Start of Block

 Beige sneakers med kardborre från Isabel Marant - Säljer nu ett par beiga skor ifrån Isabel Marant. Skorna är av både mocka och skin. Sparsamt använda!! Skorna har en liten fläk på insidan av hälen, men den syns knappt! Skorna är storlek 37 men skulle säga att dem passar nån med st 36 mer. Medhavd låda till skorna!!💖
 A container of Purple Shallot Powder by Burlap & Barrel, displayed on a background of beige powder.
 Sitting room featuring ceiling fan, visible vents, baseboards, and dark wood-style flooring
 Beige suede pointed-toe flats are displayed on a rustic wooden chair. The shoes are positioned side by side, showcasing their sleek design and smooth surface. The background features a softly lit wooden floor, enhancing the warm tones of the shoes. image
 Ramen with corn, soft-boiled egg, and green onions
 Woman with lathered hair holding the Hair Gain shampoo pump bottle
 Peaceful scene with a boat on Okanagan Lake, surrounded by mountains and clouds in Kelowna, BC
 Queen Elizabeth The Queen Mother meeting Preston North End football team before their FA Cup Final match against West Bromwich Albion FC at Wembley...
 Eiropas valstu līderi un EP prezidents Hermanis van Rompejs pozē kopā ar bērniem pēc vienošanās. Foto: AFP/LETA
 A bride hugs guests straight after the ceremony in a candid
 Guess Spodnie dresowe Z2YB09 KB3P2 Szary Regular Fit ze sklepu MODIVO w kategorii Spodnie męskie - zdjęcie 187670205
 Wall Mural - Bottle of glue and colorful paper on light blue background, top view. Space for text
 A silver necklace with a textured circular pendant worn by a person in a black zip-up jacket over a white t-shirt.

End of Block

§ The problem
Give back the material above in full, exactly as it reads.

§ Solution for this exercise
 Beige sneakers med kardborre från Isabel Marant - Säljer nu ett par beiga skor ifrån Isabel Marant. Skorna är av både mocka och skin. Sparsamt använda!! Skorna har en liten fläk på insidan av hälen, men den syns knappt! Skorna är storlek 37 men skulle säga att dem passar nån med st 36 mer. Medhavd låda till skorna!!💖
 A container of Purple Shallot Powder by Burlap & Barrel, displayed on a background of beige powder.
 Sitting room featuring ceiling fan, visible vents, baseboards, and dark wood-style flooring
 Beige suede pointed-toe flats are displayed on a rustic wooden chair. The shoes are positioned side by side, showcasing their sleek design and smooth surface. The background features a softly lit wooden floor, enhancing the warm tones of the shoes. image
 Ramen with corn, soft-boiled egg, and green onions
 Woman with lathered hair holding the Hair Gain shampoo pump bottle
 Peaceful scene with a boat on Okanagan Lake, surrounded by mountains and clouds in Kelowna, BC
 Queen Elizabeth The Queen Mother meeting Preston North End football team before their FA Cup Final match against West Bromwich Albion FC at Wembley...
 Eiropas valstu līderi un EP prezidents Hermanis van Rompejs pozē kopā ar bērniem pēc vienošanās. Foto: AFP/LETA
 A bride hugs guests straight after the ceremony in a candid
 Guess Spodnie dresowe Z2YB09 KB3P2 Szary Regular Fit ze sklepu MODIVO w kategorii Spodnie męskie - zdjęcie 187670205
 Wall Mural - Bottle of glue and colorful paper on light blue background, top view. Space for text
 A silver necklace with a textured circular pendant worn by a person in a black zip-up jacket over a white t-shirt.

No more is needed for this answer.